EBOOK

The Uncrowned King

The Sensational Rise of William Randolph Hearst

Kenneth Whyte
(0)
Pages
560
Year
2009
Language
English

About

Chapter One

It is difficult to say precisely when William Randolph Hearst first hit on the idea of breaking into New York publishing, but it is clear that by 1889 he would not be satisfied until he did. He was twenty-six years old and already a minor newspaper phenomenon. Three years earlier he had been handed the San Francisco Examiner by his father, who had owned it for six years, accomplishing little beyond a string of annual losses.

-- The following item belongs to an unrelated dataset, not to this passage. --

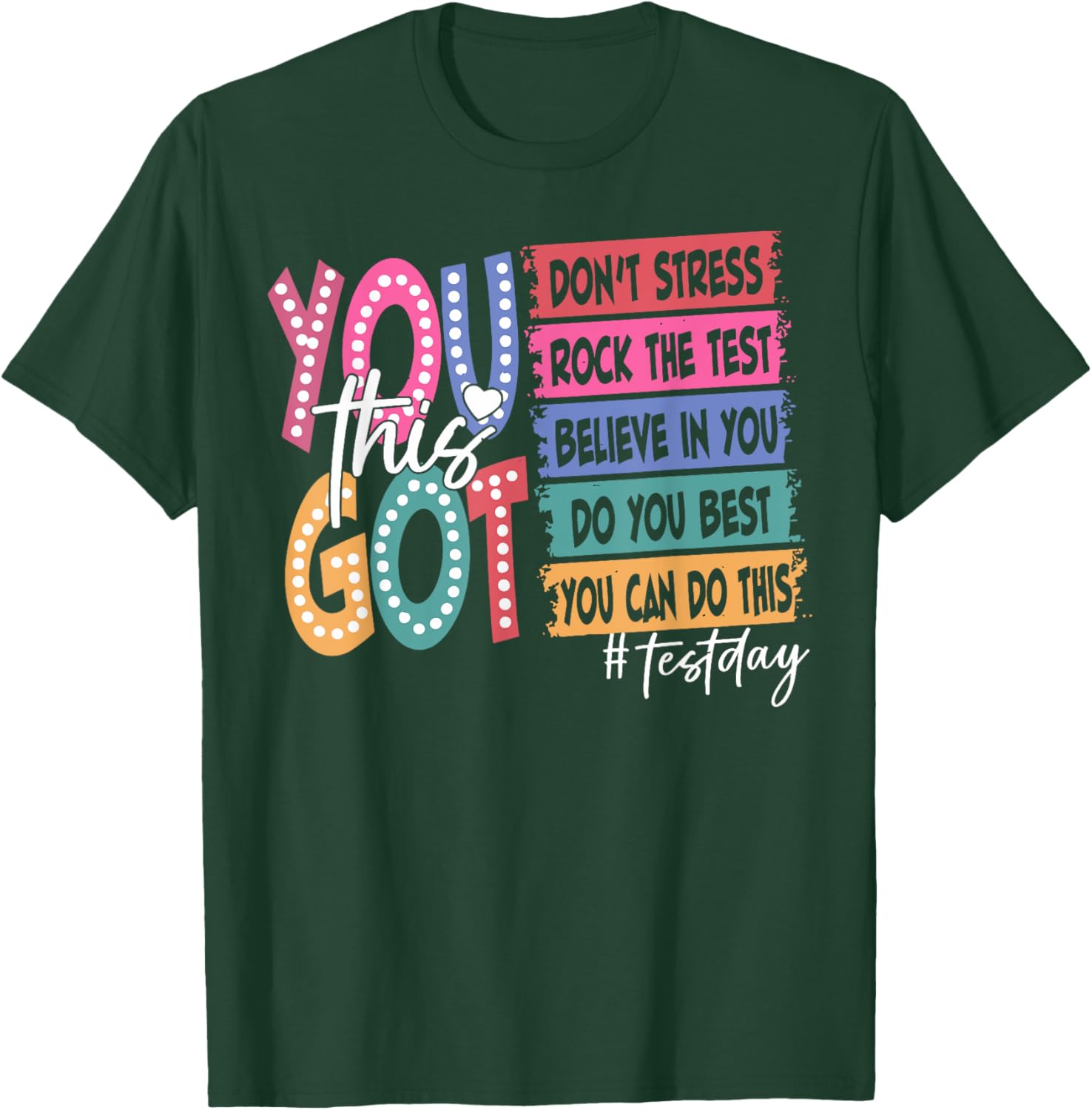 State Testing Day Motivational Teachers Student You Got This T-Shirt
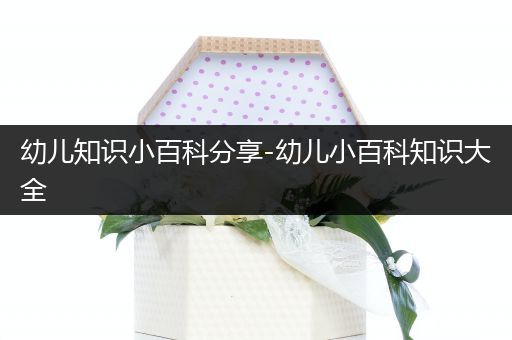 幼儿知识小百科分享-幼儿小百科知识大全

With no more than a few months of professional journalistic experience, the younger Hearst announced himself as proprietor and editor and promptly established the Examiner as the most attractive, intelligent, and exuberant daily on the Pacific coast. Its circulation more than doubled. Its losses evaporated. It rivaled the mighty San Francisco Chronicle as the leading newspaper in the West. The trade journals credited Hearst with a "masterstroke of enterprise." It seems everyone who knew the Examiner was impressed by it, save Hearst, who was keenly aware that whatever he had accomplished in San Francisco, he had not done anything in New York.

His expansion plans were in fact larger than one city. Hearst envisioned a chain of newspapers, the individual titles of which would share content, management, and other resources, reducing costs and magnifying the proprietor's voice and influence. But a chain was unthinkable without New York. It was the liveliest and most competitive newspaper city in the world, and the center of media and commercial influence in the United States. New York was a goal in itself.

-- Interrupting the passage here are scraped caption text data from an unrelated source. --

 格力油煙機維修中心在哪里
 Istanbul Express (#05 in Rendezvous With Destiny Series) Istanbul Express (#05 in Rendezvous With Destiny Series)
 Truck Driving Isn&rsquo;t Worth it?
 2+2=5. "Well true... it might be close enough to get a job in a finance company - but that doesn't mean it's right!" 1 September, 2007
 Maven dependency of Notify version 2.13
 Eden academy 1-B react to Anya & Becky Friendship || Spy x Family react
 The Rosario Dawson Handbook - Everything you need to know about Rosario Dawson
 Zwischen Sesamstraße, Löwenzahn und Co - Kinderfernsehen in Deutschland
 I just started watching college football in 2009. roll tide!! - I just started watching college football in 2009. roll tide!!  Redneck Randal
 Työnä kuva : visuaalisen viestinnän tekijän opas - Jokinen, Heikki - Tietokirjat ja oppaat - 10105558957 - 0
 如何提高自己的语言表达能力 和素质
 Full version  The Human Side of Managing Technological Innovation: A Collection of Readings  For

Out of the blue, on Thanksgiving Day 1889, Charles M. Palmer, an experienced Midwestern newspaper executive specializing in circulation, received a telegram from Hearst inviting him to join the Examiner and asking what salary he would expect. Palmer signed on, excited at the comprehensiveness of Hearst's expansion plans and the prospect of an imminent break into the New York market. He was also impressed by Hearst's manner, a curious mixture of deference and self-assurance. George Pancoast, Hearst's private secretary and frequent companion, also learned of the New York initiative around this time. As they were crossing San Francisco Bay on a ferry, Hearst took from his pocket a railway timetable and drew circles around the names of several large cities, saying, "George, some day a paper there, and there, and there." New York he circled twice.